== Action item ==
With pictures left out, output word for word the lines from the one containing "Aufkleber für Glastür" through the end of the material below.

== Available data ==
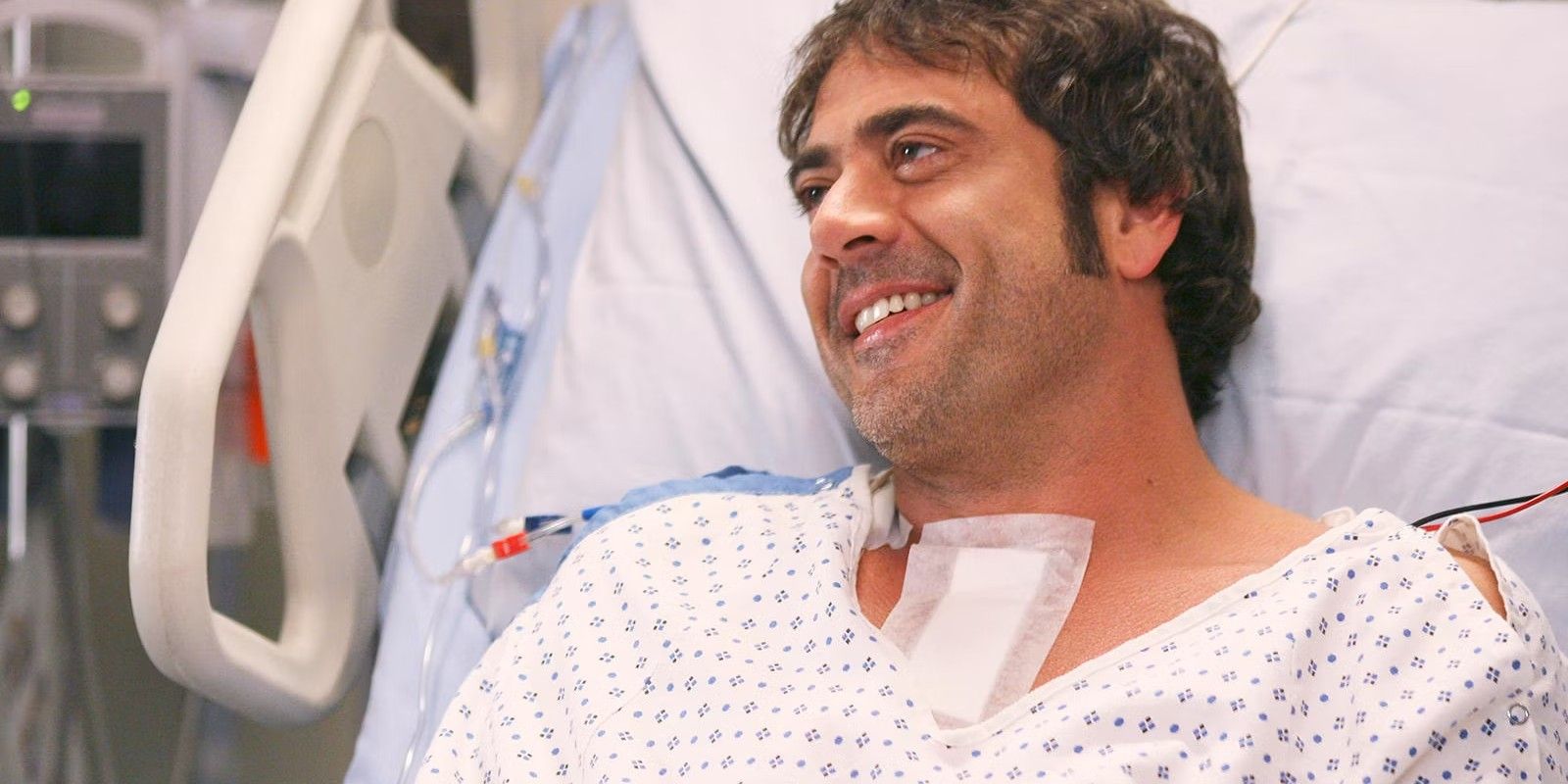 Denny Duquette smiling in hospital bed in Grey's Anatomy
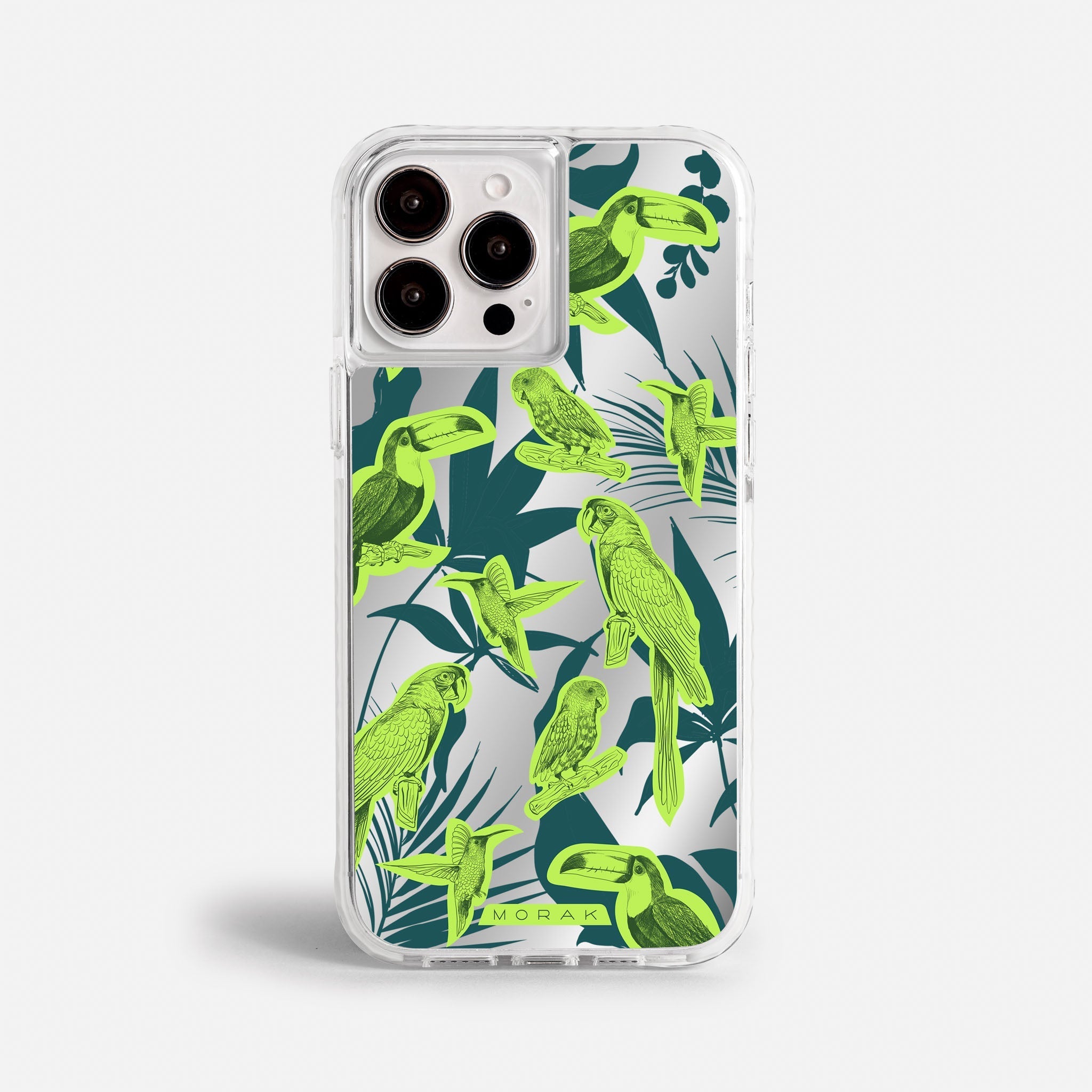 Case Jungle Birds - Espejo Premium – Protección antigolpe | Diseño colombiano | Morak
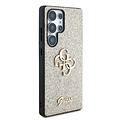 Guess Guess Galaxy S25 Ultra Backcover hoesje - Fixed Glitter - Big 4G Metal Logo - Goud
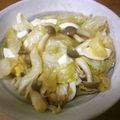 pukemama's cooksnap of when they made レタスとしめじのソテー、ゆで卵和え.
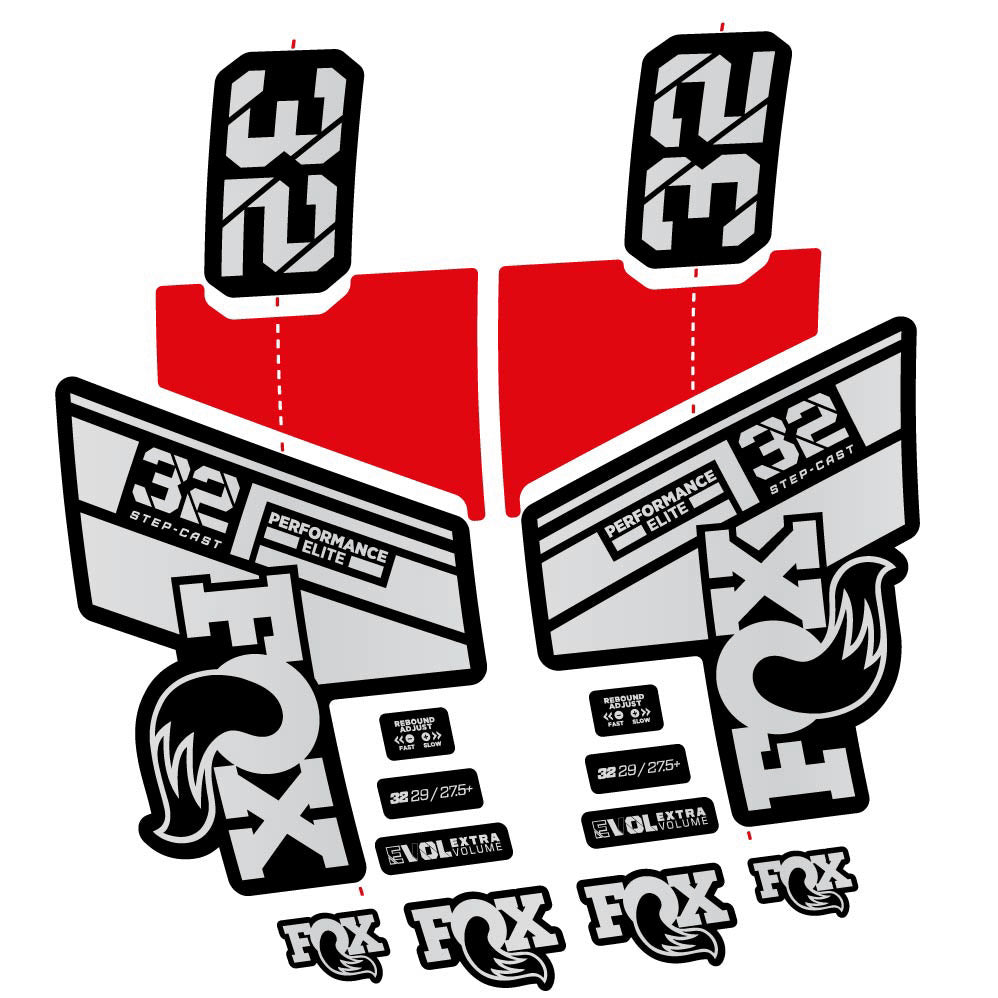 Stickers Fox 32 SC Performance Elite 2021 compatibles Autocollants fourche 29"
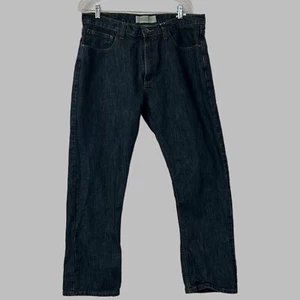 Wrangler Jeans Co Mens Size W34 L28 Dark Wash Denim Pants Straight Fit - Picture 1 of 11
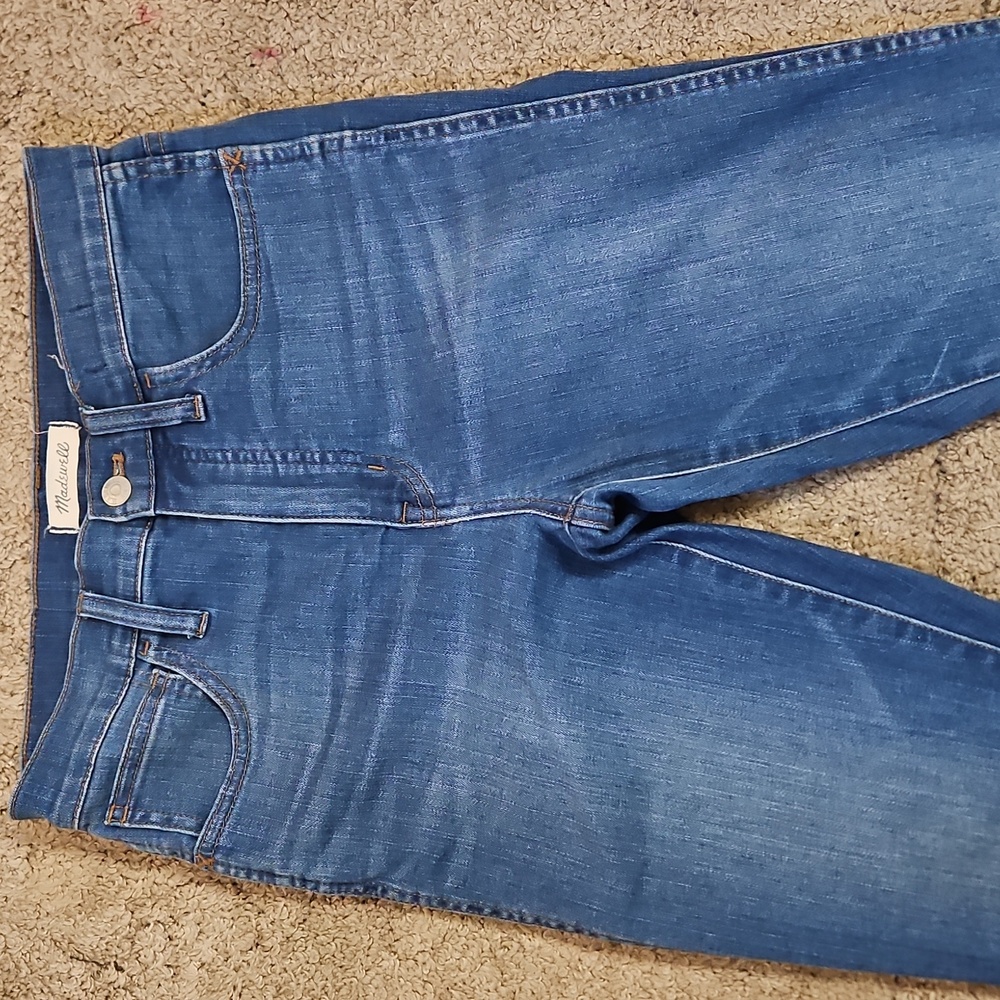 Madewell Blue High Rise Roadtripper Jeans Size 27 - Picture 12 of 13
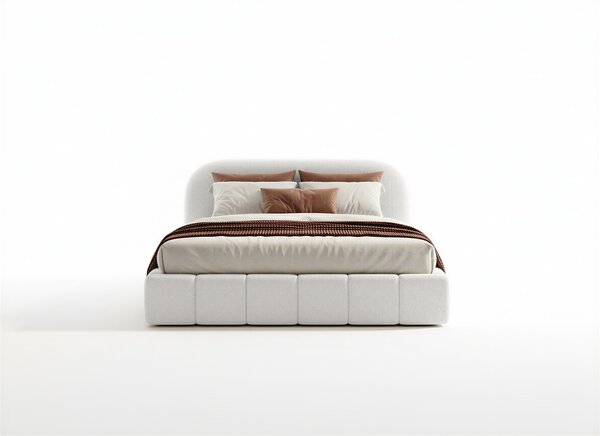 Moderná čalúnená posteľ LORANDO SLIM 140 x 200 v látke Quelle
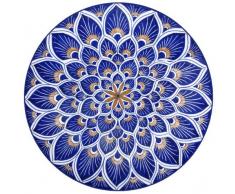 Aufkleber für Glastür und Fenster, repositionierbar, 2 Stück pro Packung blau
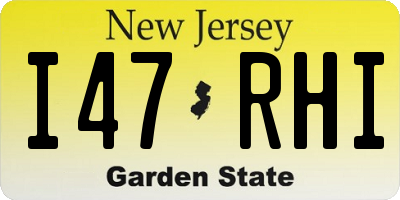 NJ license plate I47RHI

== Response to this task ==
 Aufkleber für Glastür und Fenster, repositionierbar, 2 Stück pro Packung blau
 NJ license plate I47RHI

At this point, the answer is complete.